* [PROVIDED RECORDS]:
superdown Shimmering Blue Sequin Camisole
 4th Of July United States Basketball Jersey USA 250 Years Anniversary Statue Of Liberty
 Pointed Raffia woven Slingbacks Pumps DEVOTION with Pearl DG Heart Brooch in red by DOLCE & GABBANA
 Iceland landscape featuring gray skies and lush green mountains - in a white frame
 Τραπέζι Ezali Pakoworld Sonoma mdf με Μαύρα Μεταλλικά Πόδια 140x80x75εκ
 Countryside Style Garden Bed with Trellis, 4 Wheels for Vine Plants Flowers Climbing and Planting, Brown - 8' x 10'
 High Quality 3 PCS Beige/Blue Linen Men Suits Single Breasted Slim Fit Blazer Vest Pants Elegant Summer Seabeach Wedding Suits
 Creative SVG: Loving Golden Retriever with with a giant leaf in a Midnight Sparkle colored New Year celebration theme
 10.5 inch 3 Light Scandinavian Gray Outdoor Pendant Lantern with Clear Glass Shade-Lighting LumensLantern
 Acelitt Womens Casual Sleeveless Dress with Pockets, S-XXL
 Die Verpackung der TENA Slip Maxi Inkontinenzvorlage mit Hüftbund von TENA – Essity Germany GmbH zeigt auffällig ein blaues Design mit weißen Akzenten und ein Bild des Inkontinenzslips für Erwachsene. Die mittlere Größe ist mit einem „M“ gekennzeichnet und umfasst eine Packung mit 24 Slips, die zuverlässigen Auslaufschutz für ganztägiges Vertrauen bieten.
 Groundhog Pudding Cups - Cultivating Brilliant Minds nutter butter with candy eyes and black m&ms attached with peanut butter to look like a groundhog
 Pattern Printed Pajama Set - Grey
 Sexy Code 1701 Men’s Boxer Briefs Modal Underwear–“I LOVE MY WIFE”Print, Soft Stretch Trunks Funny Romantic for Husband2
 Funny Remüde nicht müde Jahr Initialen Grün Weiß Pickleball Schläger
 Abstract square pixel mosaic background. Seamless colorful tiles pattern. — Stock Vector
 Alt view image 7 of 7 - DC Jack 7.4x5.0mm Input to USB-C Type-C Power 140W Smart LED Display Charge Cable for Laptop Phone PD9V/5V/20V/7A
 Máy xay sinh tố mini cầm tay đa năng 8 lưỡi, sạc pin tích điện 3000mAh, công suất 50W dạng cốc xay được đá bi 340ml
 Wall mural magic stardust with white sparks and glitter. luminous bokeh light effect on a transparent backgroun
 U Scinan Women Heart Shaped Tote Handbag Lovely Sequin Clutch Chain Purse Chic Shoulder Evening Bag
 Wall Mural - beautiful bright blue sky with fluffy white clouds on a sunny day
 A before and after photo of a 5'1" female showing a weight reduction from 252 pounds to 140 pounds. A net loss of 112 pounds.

* [WHAT THE TASK REQUIRES]:
Return word for word the lines above from the line with "Countryside Style Garden" to the line with "Acelitt Womens Casual", including both and leaving out all others.

* [RESULT OF THIS EXERCISE]:
 Countryside Style Garden Bed with Trellis, 4 Wheels for Vine Plants Flowers Climbing and Planting, Brown - 8' x 10'
 High Quality 3 PCS Beige/Blue Linen Men Suits Single Breasted Slim Fit Blazer Vest Pants Elegant Summer Seabeach Wedding Suits
 Creative SVG: Loving Golden Retriever with with a giant leaf in a Midnight Sparkle colored New Year celebration theme
 10.5 inch 3 Light Scandinavian Gray Outdoor Pendant Lantern with Clear Glass Shade-Lighting LumensLantern
 Acelitt Womens Casual Sleeveless Dress with Pockets, S-XXL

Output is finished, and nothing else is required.